Budgeting | Personal Finance | Article

Are You Planning To Take A Loan? Read This To Know What You Are Getting Into

by Cherry Wong | 13 Jun 2024 | 4 mins read

Buying your first house or car can be an exciting moment in life. It is like achieving a significant milestone because you can financially afford to buy something of substantial value.  

In truth, even though you have saved up enough money to pay for the down payment of a house or a car, you still need to borrow from the bank to afford them. 

Most people save up to 10 to 20% of the purchase value and apply for a loan to finance the remaining amount. Because houses and cars are expensive purchases, the loan amount is large and takes a longer time to pay off. 

Hence, taking up a loan is a long-term financial commitment, and you must be clear about what you are getting into. Here are some important points that you need to know before you sign the loan agreement. 

Understanding banking terms and how loans work? 

When you apply for a loan, many financial terminologies can sound confusing. Here are some important bank loan terms to know. 

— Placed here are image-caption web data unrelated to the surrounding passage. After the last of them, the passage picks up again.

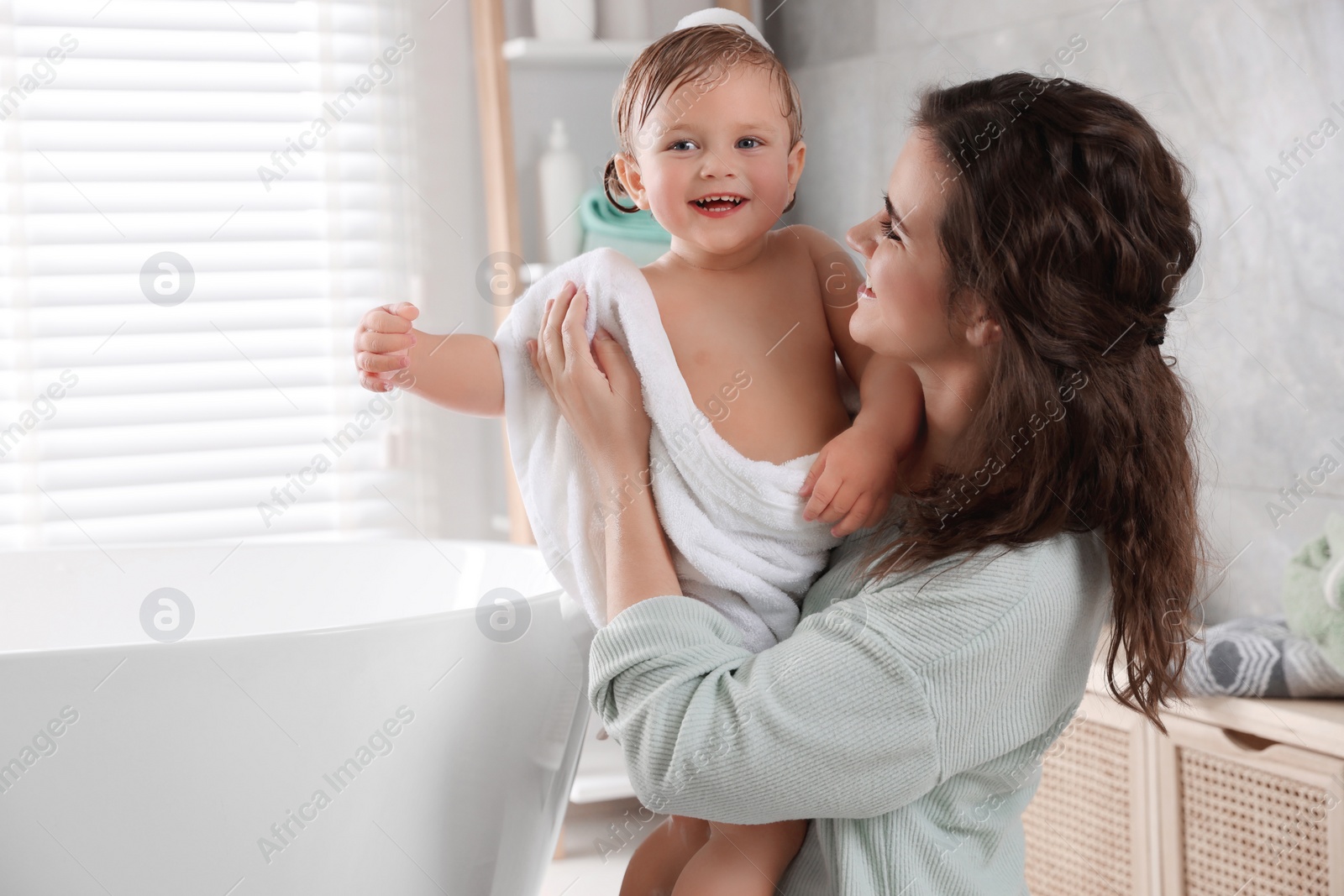 Photo of Mother with her little daughter in bathroom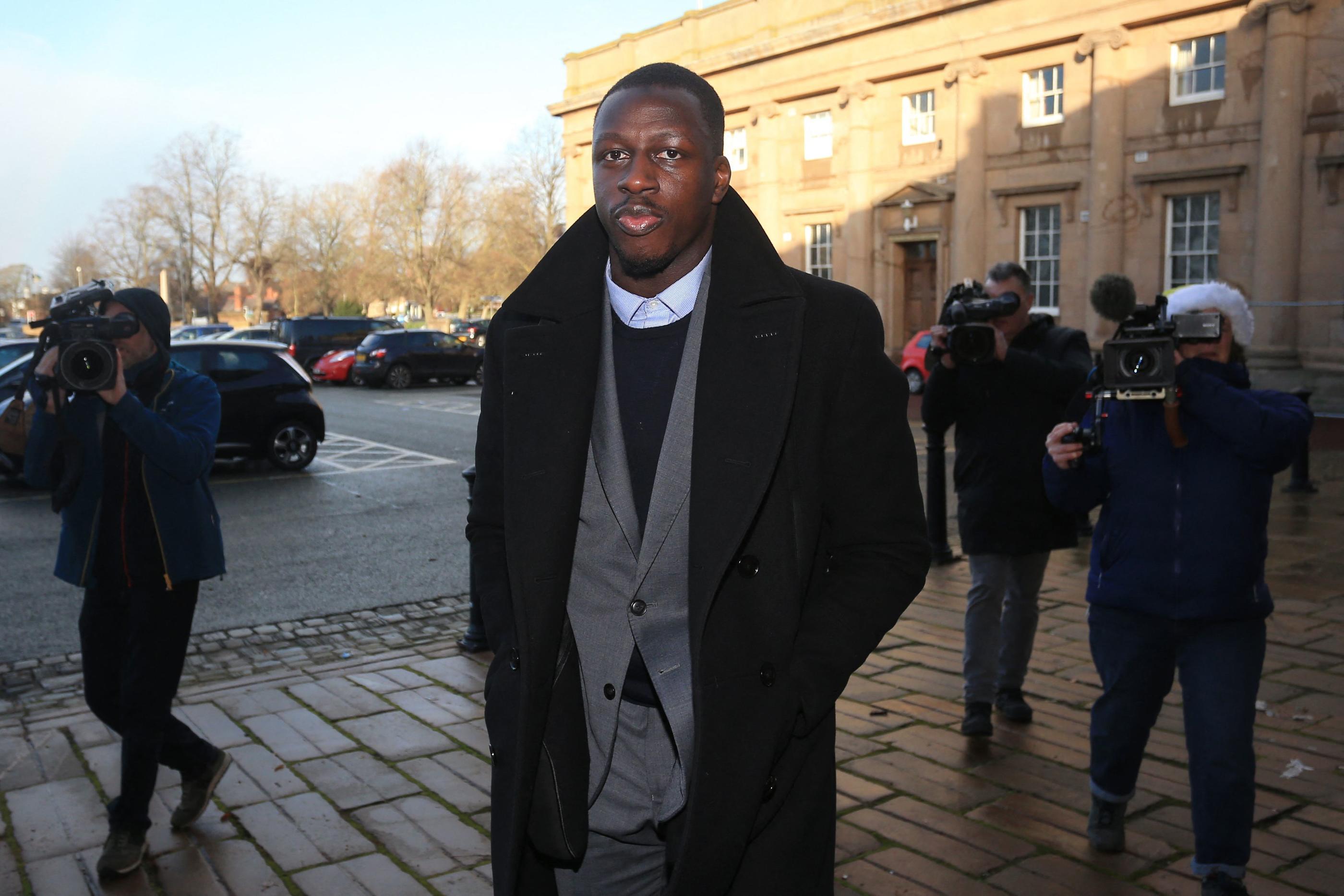 Manchester City and France footballer Benjamin Mendy arrives at Chester Crown Court in Chester, northwest England, on December 20, 2022. - A jury resumed its deliberations yesterday in the rape and sexual assault trial of Mendy, 28, who has been on trial since August and denies seven counts of rape, one of attempted rape, and another of sexual assault, against six women. (Photo by Lindsey Parnaby / AFP)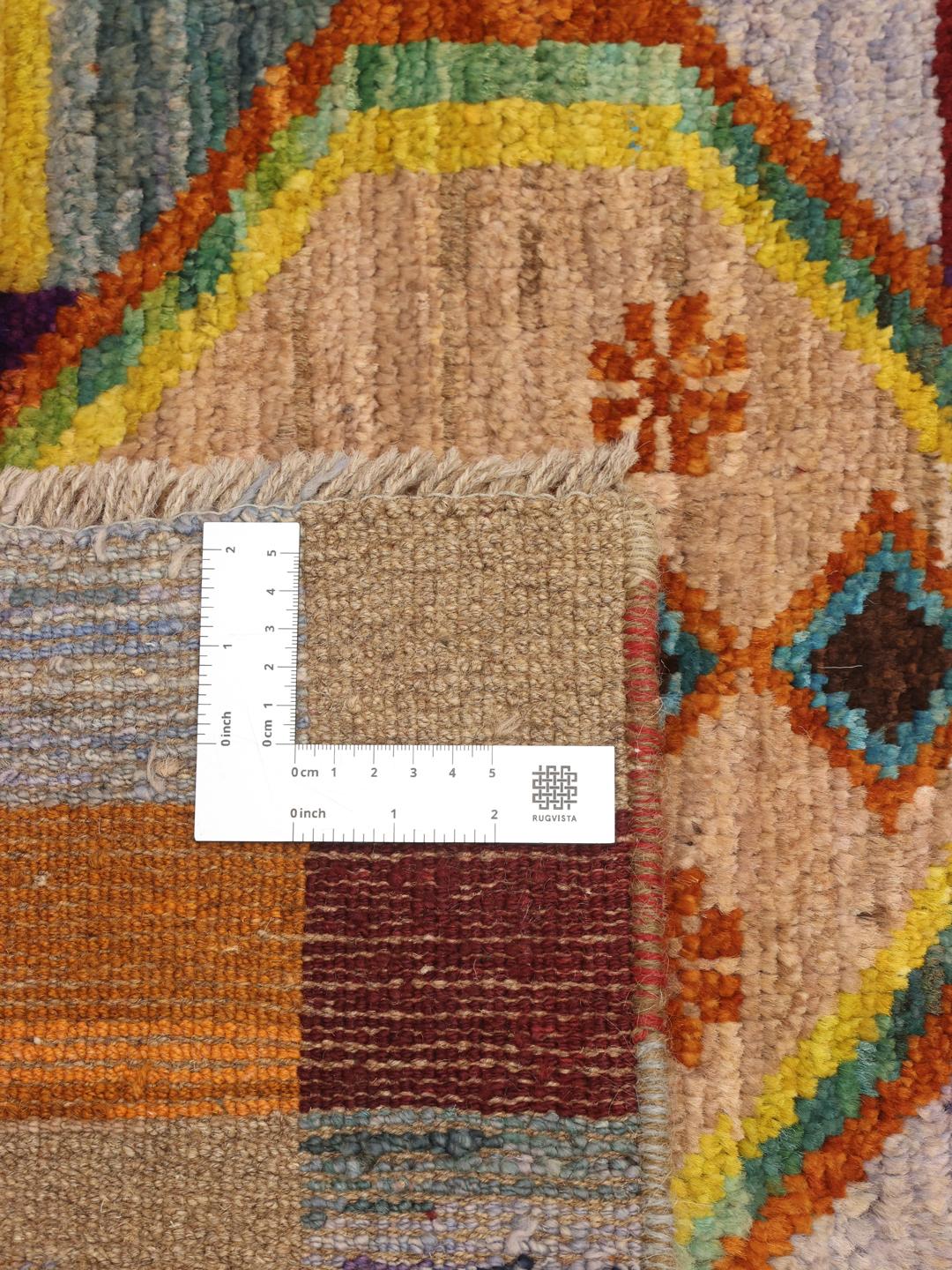 Hand-knotted Afghan runner with vibrant geometric diamond motifs and multicolor squares.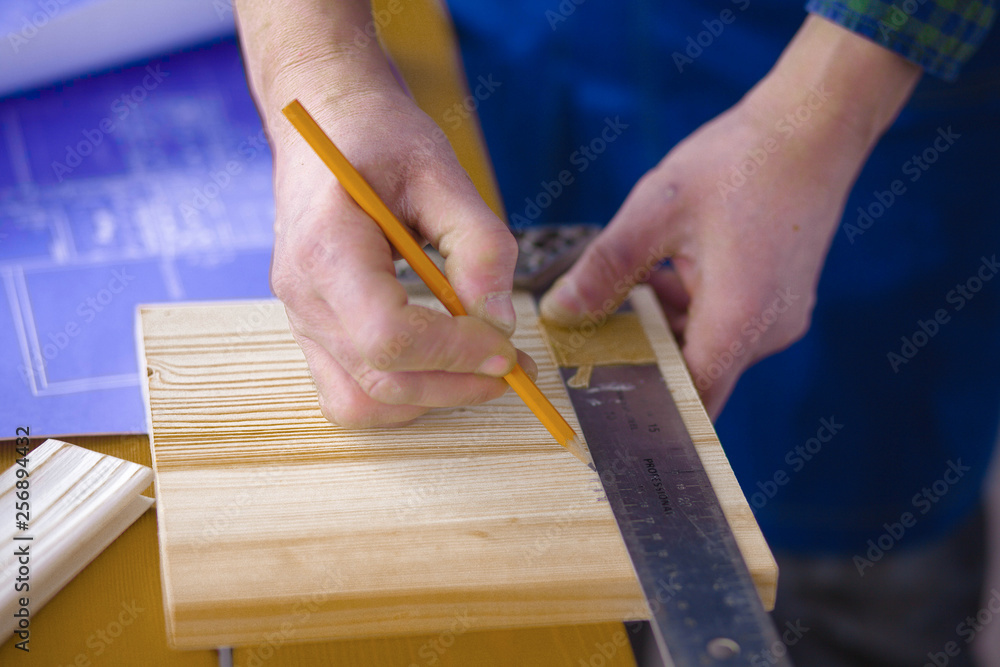 Engineer carpenter working on laptop and sketching project Engineer carpenter working on laptop and sketching project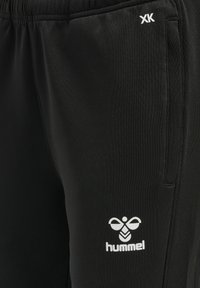 Schwarze Sporthosen mit elastischem Bund, ausgestattet mit einem weißen Logo auf dem linken Oberschenkel und einem glatten, strukturierten Stoff.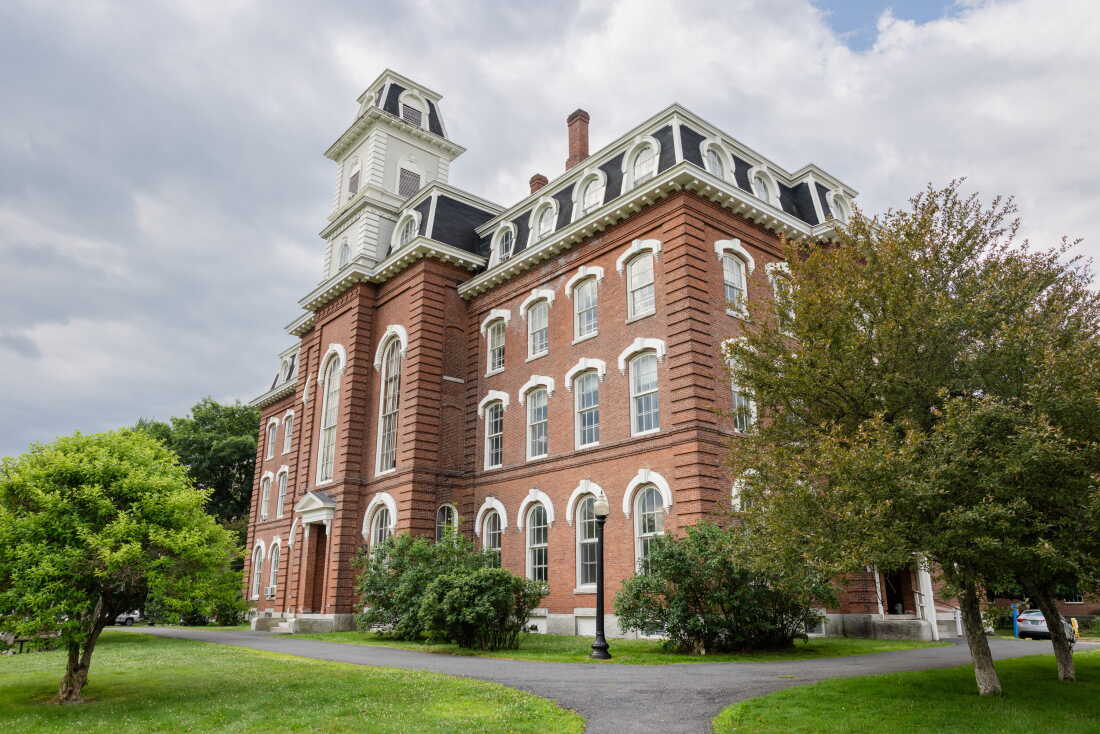 This photo shows a multistory, older-style brick building with a mansard roof on a former college campus in Montpelier, Vermont.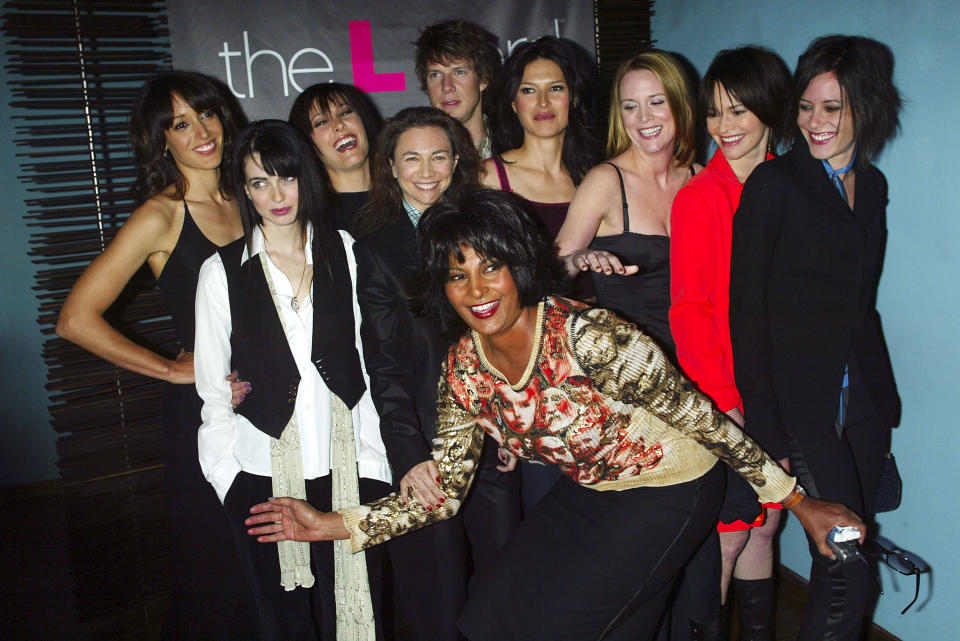Cast members Jennifer Beals, Pam Grier, Erin Daniels, Leisha Hailey, Laurel Holloman, Mia Kirshner, Karina Lombard, Eric Mabius, Katherine Moennig and Executive Producer Ilene Chaiken at a preview luncheon for Showtime's new original series 'The L Word' at Blue Fin October 23, 2003 in New York City. (Photo by Scott Gries/Getty Images) (Photo: Scott Gries via Getty Images)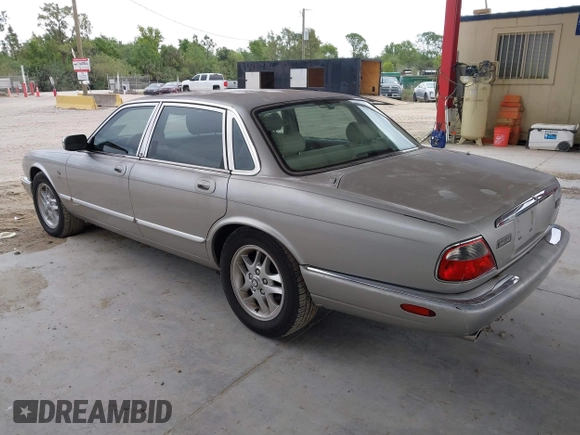 1999 Jaguar XJ with VIN SAJHX1043XC856474, listed as a IAAI auction lot 41626649 with 103,266 mi miles and . Bid and sale history available at DreamBid. Image 3.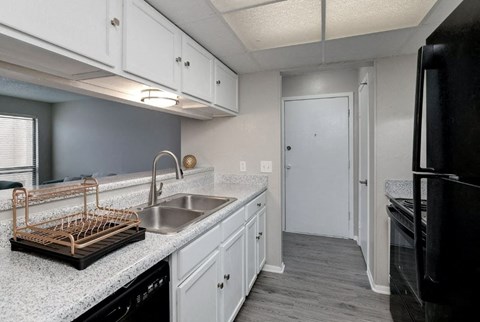 A kitchen with white cabinets and a black refrigerator.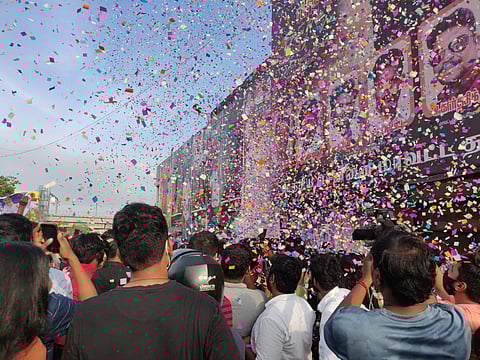 Fans celebrating beast outside theatre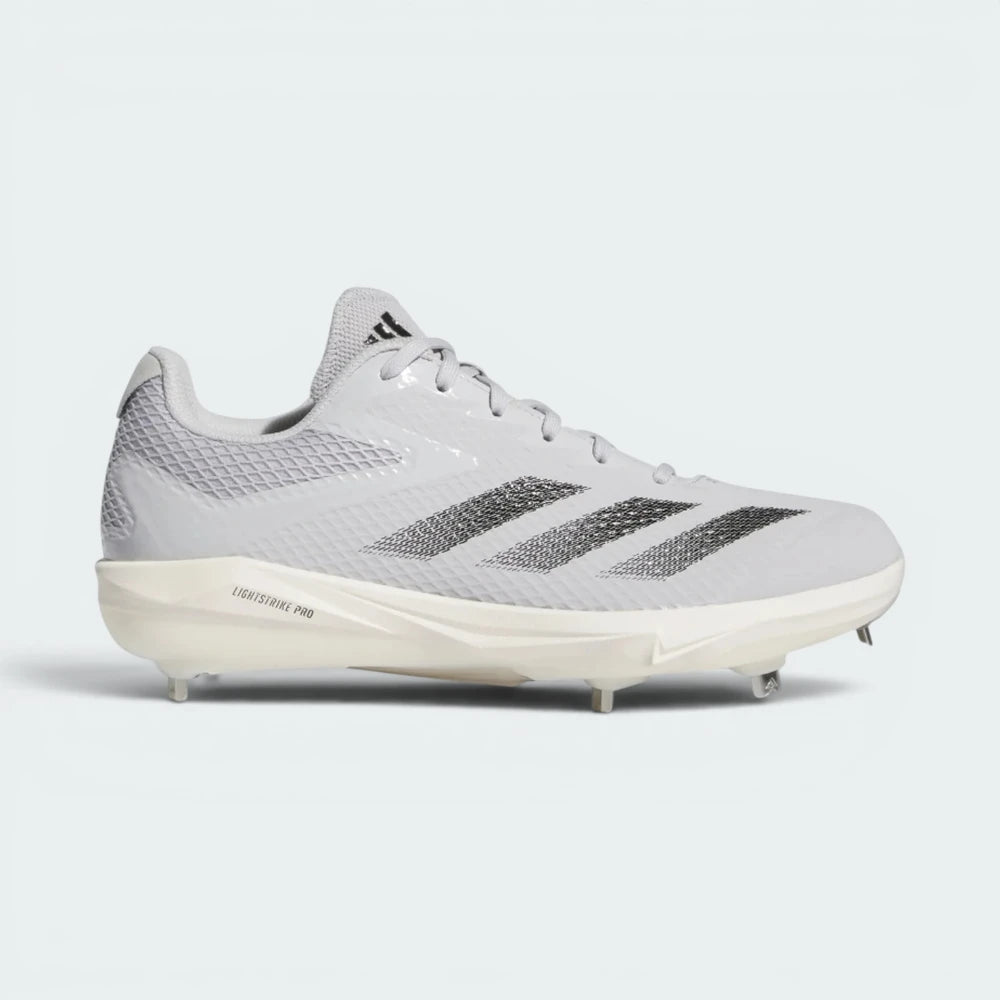 Highlights the high-velocity sweep of the Team Light Grey upper, showing the crisp execution of the Core Black 3-Stripes, the low-cut ankle collar, and the sleek profile of the cleated outsole. Main image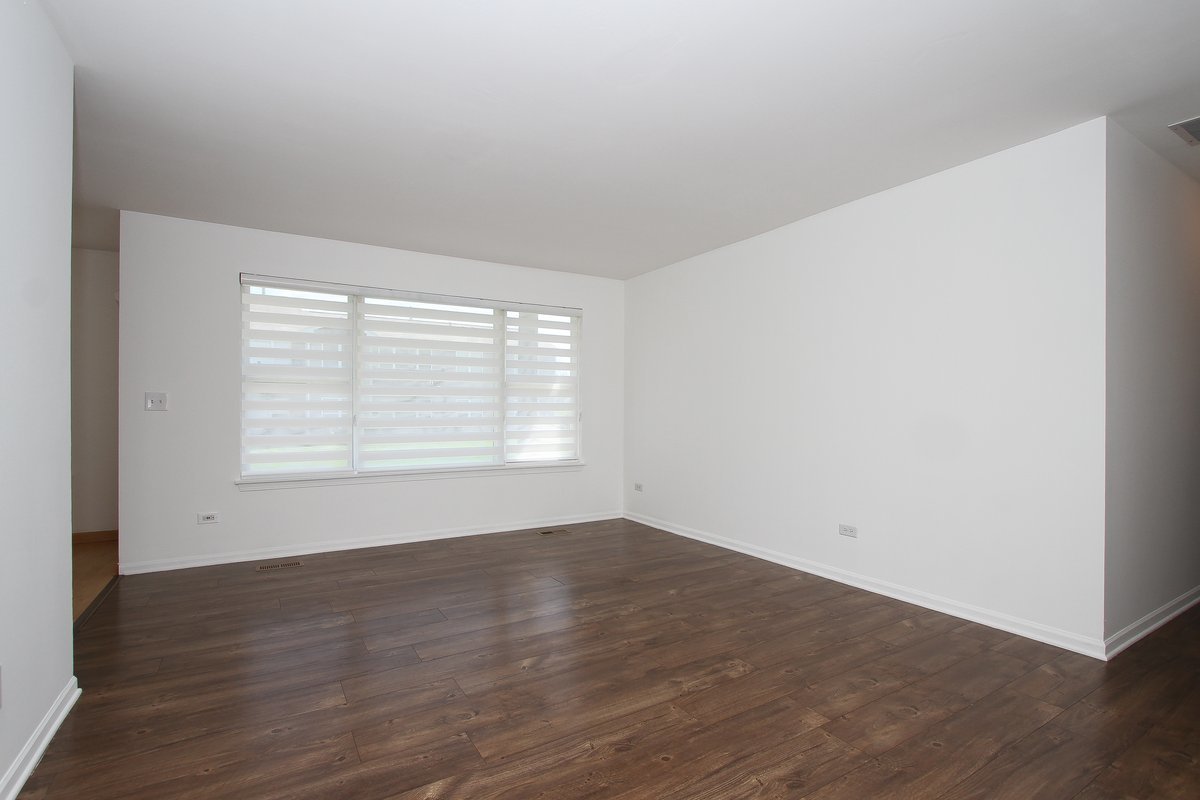 400 Woodview Circle, Unit A Elgin, IL 60120 - Photo 5 of 40 a view of an empty room with wooden floor and a window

Principal/Loan amount – the amount you borrow  

Interest – what you pay the bank to borrow money and it is based on the agreed interest rate 

Interest rate – the annual percentage rate (APR) that the bank charges for the loan 

Loan period/Tenure – the number of months/years for you to pay back the loan 

Repayment schedule –  

Instalment – the monthly amount that you need to repay to the bank  

Effective interest rate (EIR) – the total loan cost percentage 

Fees – other costs of taking out a loan, such as origination fees, late fees, insufficient funds fees and more 

How does loan repayment work? 

When you borrow money from the bank, you need to repay the amount you borrowed, and the interest charged for the loan. Every month you repay the bank the agreed amount based on the repayment schedule calculated by the bank.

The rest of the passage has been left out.